Ostuferhafen soll bis 2015 erweitert werden
Die Baltikum- und Russland-Verkehre werden in Kiel über den Ostuferhafen abgewickelt, der in den 1990er-Jahren, inzwischen erweitert wurde und jetzt noch einmal vergrößert werden soll. In diesem auf dem östlichen Ufer der Kieler Förde gelegenen Hafenteil wurden 2010 mehr als drei Millionen Tonnen Ladung umgeschlagen. „Wir wollen die Betriebsfläche noch einmal aufstocken", sagte Claus.

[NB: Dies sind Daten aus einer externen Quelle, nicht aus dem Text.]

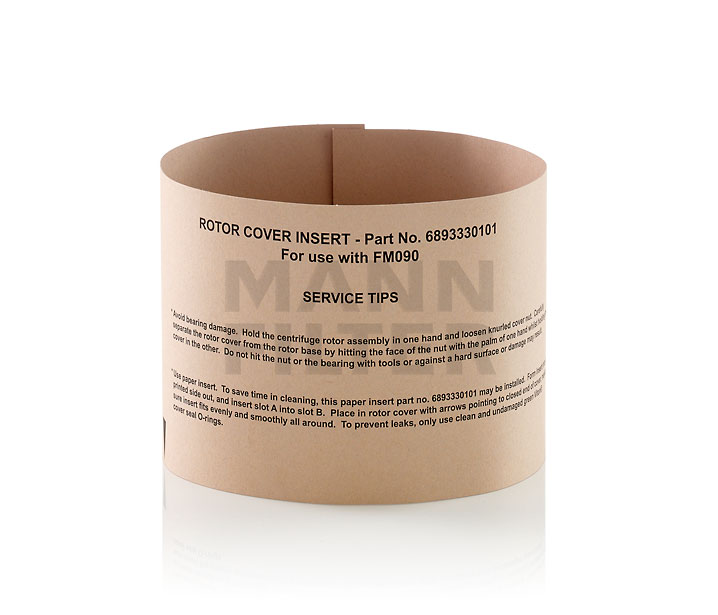 MANN-FILTER ZR12001z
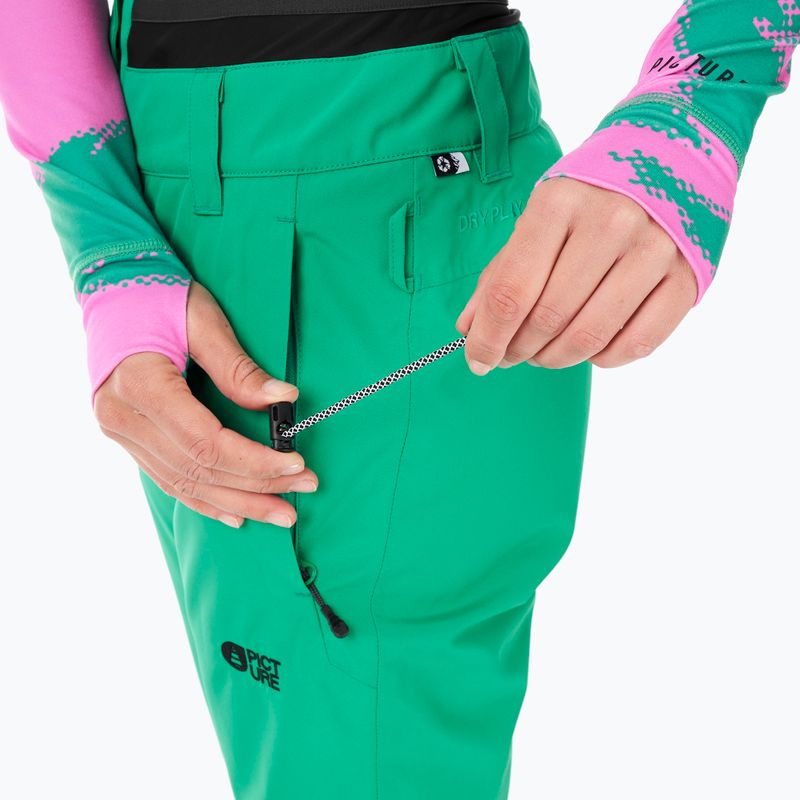 Pantaloni de schi pentru femei Picture Exa 20/20 emerald 7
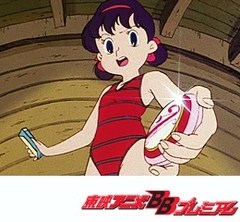 ひみつのアッコちゃん（第２作目）　第４４話　アッコたちの漂流記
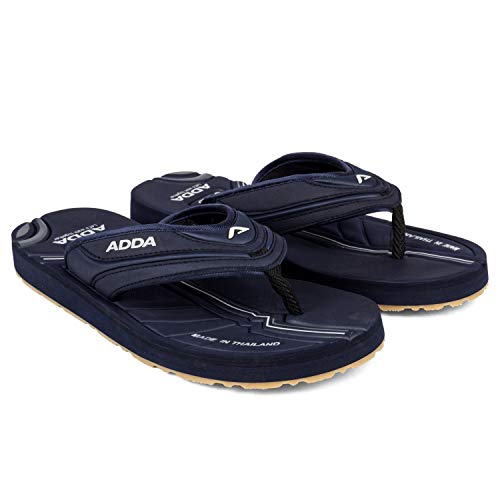 Image of ADDA-OMEGA-02 || Durable & Comfortable || TPR Sole || Lightweight || Fashionable || Super Soft || Outdoor Slipper for Men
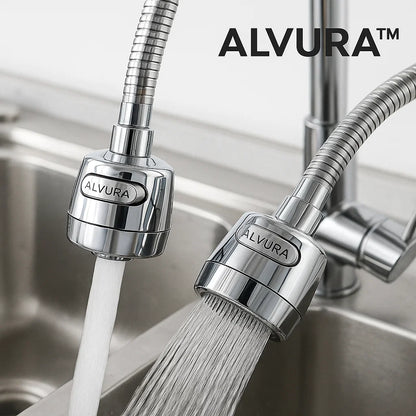 OFERTA 2X1 | ECO TORNEIRA 360º com filtro purificador de água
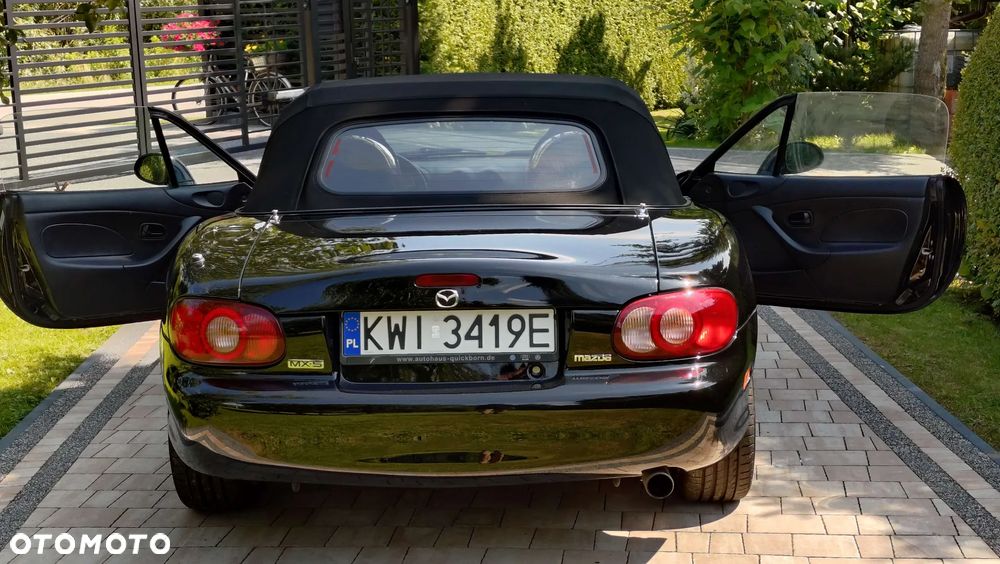 Mazda MX-5 1.6 16V - 6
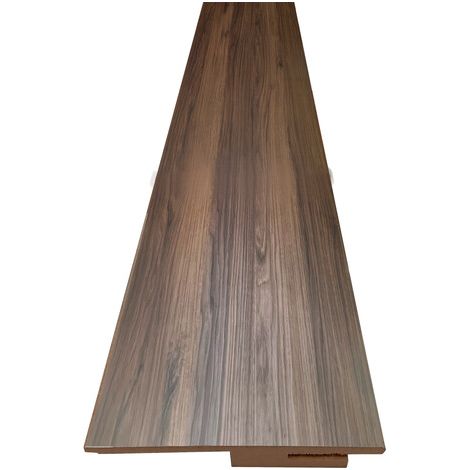 BUSSOLA SINGOLA MDF H 2150X8/10 SP 12 NOCE QUER V.- 1,0 pz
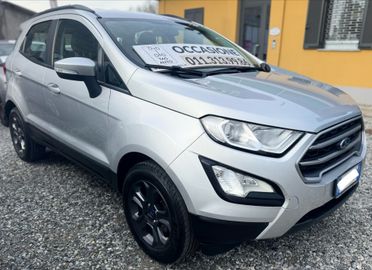 Ford EcoSport 1.0 EcoBoost benzina Titanium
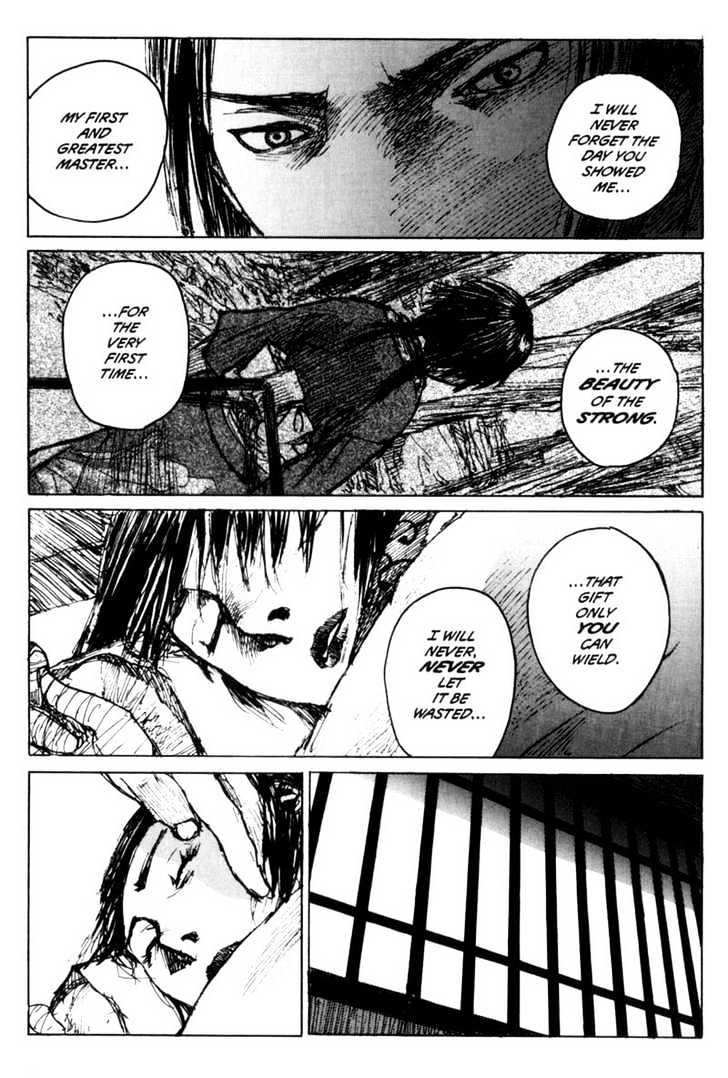 Mugen no Juunin Chapter 72 page 23 - Chapter 72 : Act 72: Mirror of the Soul (Part 3)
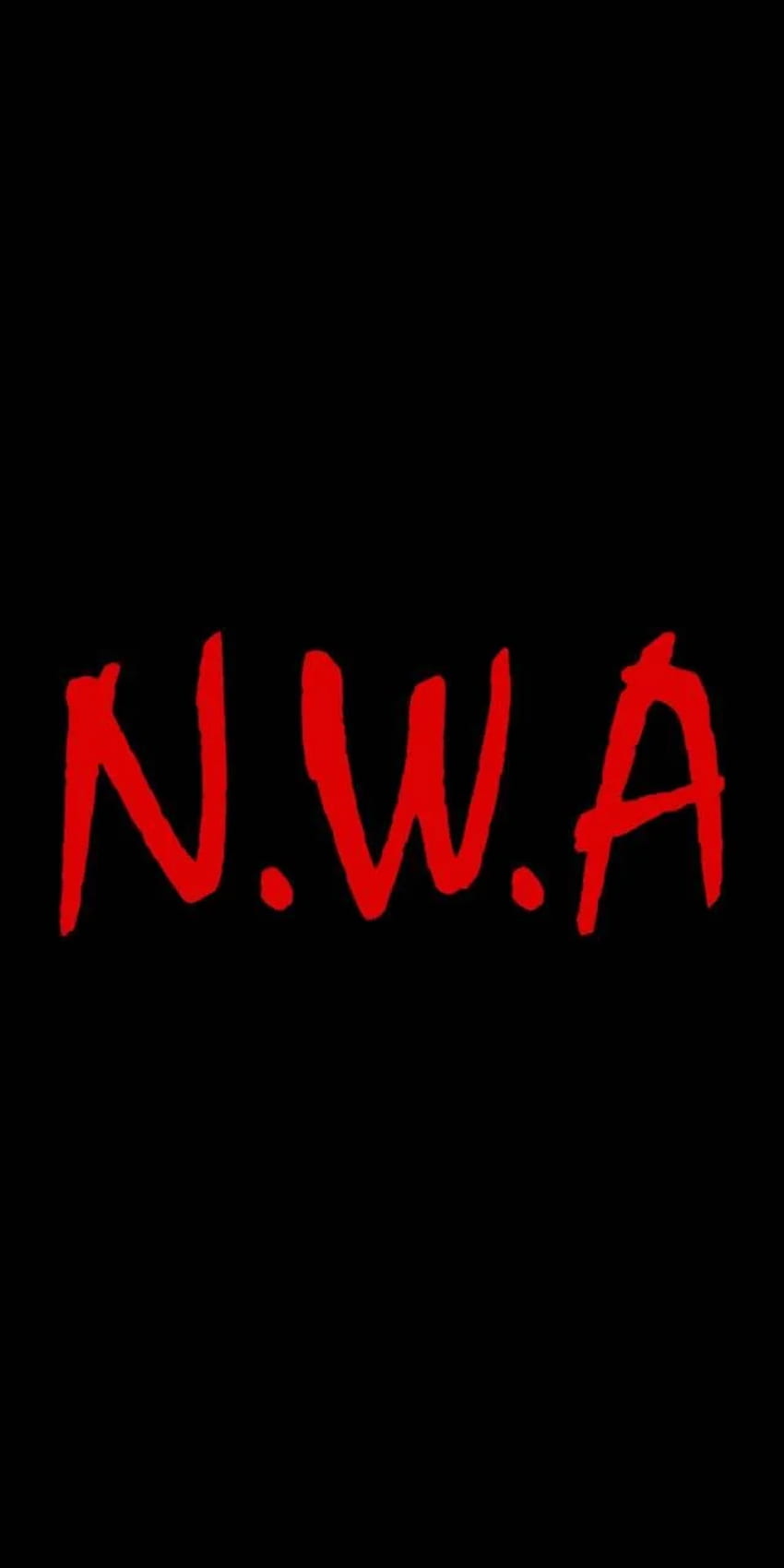 NwA、NWA ロゴ HD電話の壁紙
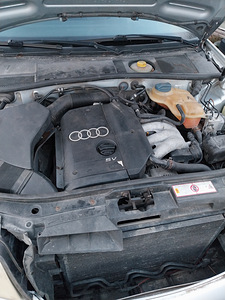 Varuosad Audi A6 C5 1,8 manual (1 foto / 1)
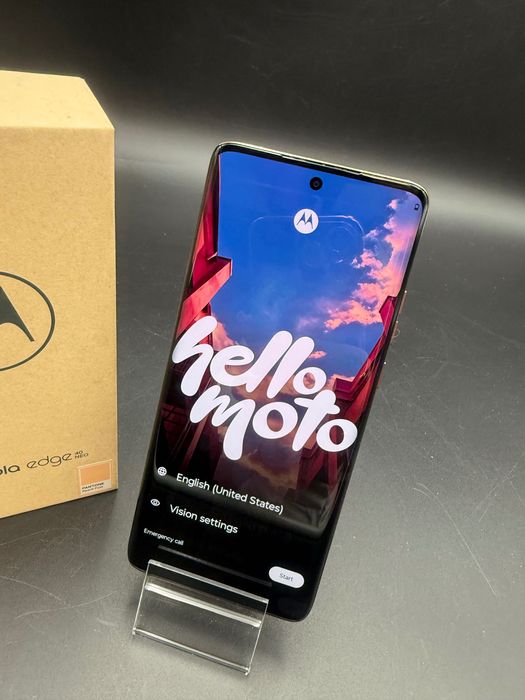 Smartfon MOTOROLA Edge 40 Neo 12/256GB 5G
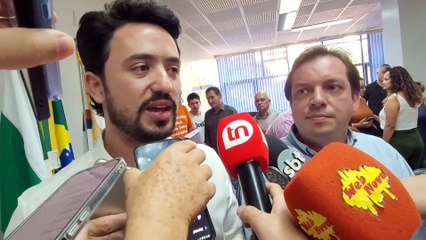 Rodolfo diz que Hospital de Apucarana foi inaugurado sem estar pronto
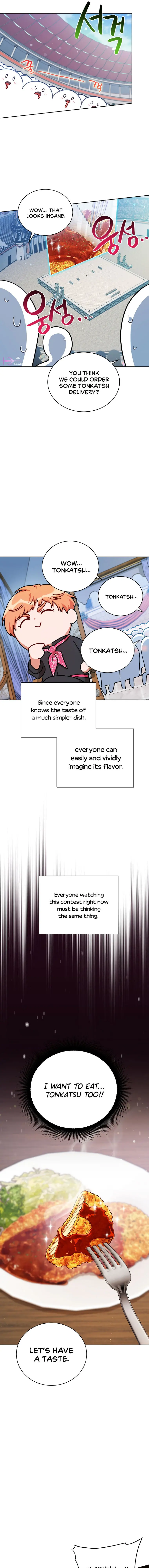 Please Have A Meal Chapter 110 - Page 9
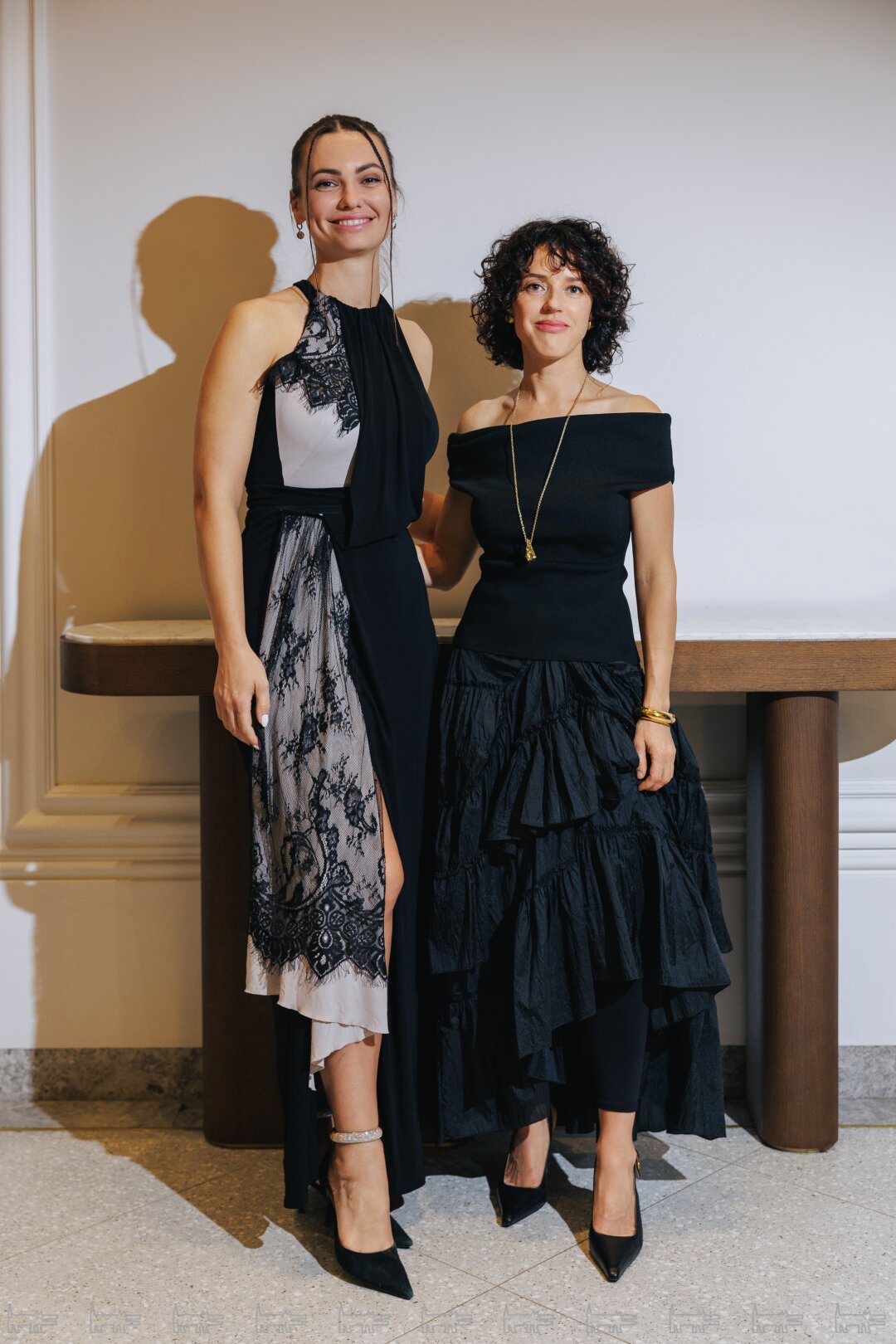 Ирина Бородина, Виктория Зайцева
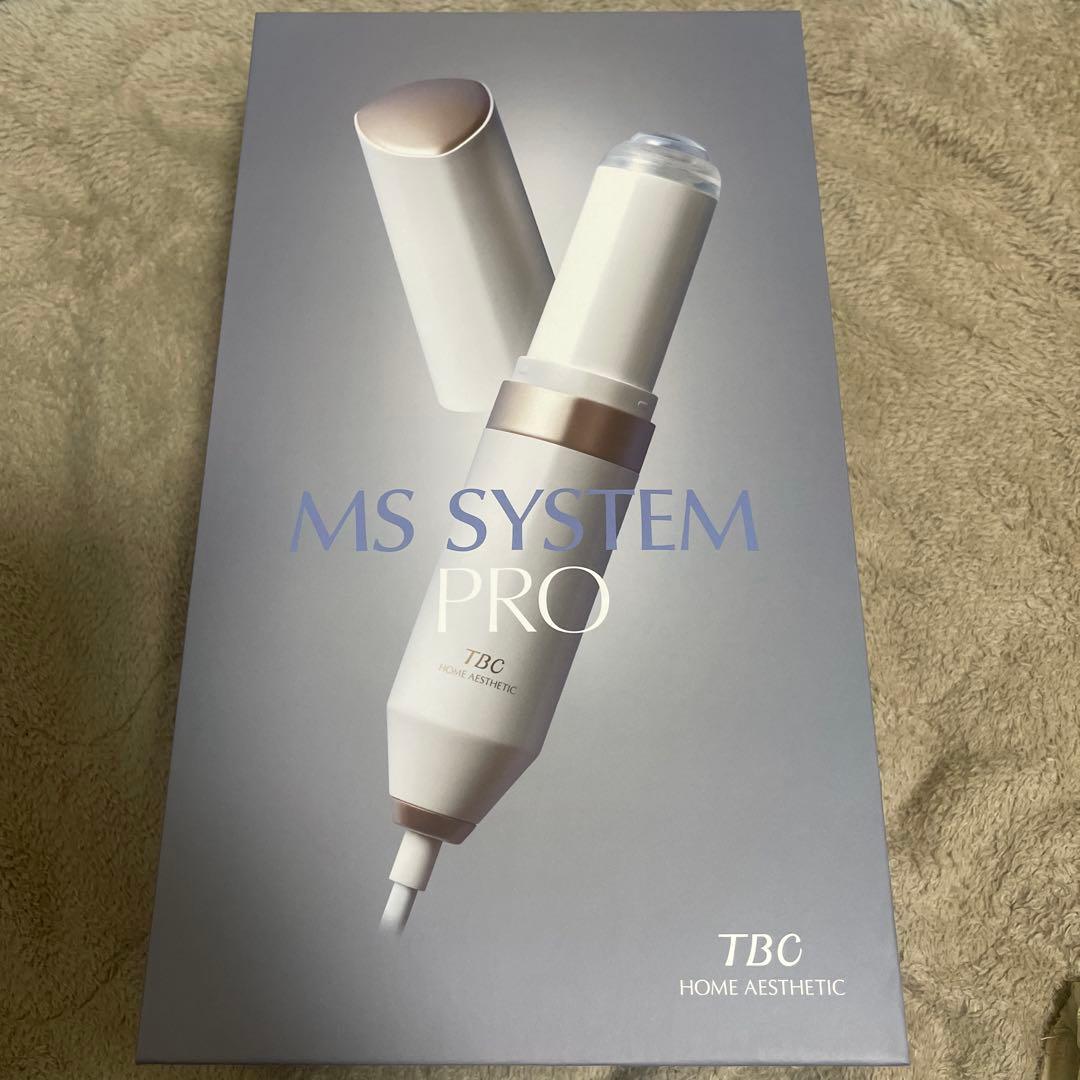 エステティックTBC MS SYSTEM PRO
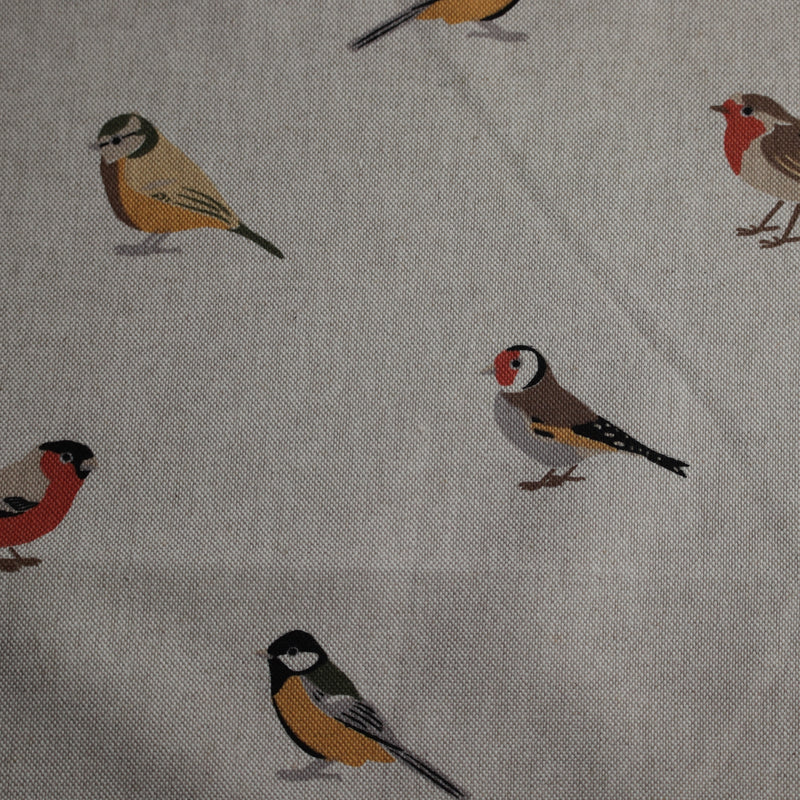 Marbella Tafelloper - Vogeltjes - 80% Katoen - 20% Polyester - 50 cm x 140 cm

Derzeit bereitet der Hafen das Planfeststellungsverfahren vor, für das gegenwärtig gut zwei Jahre veranschlagt werden. Claus wünschte sich in dem Zusammenhang eine „generelle Verkürzung" der Dauer von solchen Verfahren in Deutschland. Damit könnte die rund fünf Hektar große Zusatzfläche – es handelt es sich dabei um ein angrenzendes, ehemaliges Gewerbegrundstück – voraussichtlich ab 2015 zur Verfügung stehen. Für die Ro/Ro-Verkehre werden vor allem Vorstauflächen benötigt. Der Ostuferhafen ist optimal an das Schienennetz angeschlossen, verfügt übe einen eigenen Umschlagbereich für den kombinierten Ladungsverkehr (KV) und kann seit 2009 auf einen 140 Tonnen Mobilkran des Herstellers Liebherr zurückgreifen.
Großes Containerpaket ging an Rotterdam verloren
Der Schwerlast-Kran kommt vor allem für Containerverkehre zum Einsatz, wird darüber hinaus auch für Schwergut- und Projektladungs-Umschlagarbeiten eingesetzt. Über Kiel wurden 2010 rund 26.000 TEU umgeschlagen nach 15.000 TEU im Jahr zuvor.
Ein wichtiges Ladungspaket hat der Hafen allerdings wieder verloren. Stahlzuschlagstoffe, die aus Kasachstan im gebrochenen Verkehr über den lettischen Hafen nach Riga per Bahn transportiert, anschließend per Schiff nach Kiel befördert und im Fördehafen wieder auf die Bahn verladen wurden, wanderten inzwischen nach Rotterdam ab. Es geht um rund 10.000 TEU im Jahr.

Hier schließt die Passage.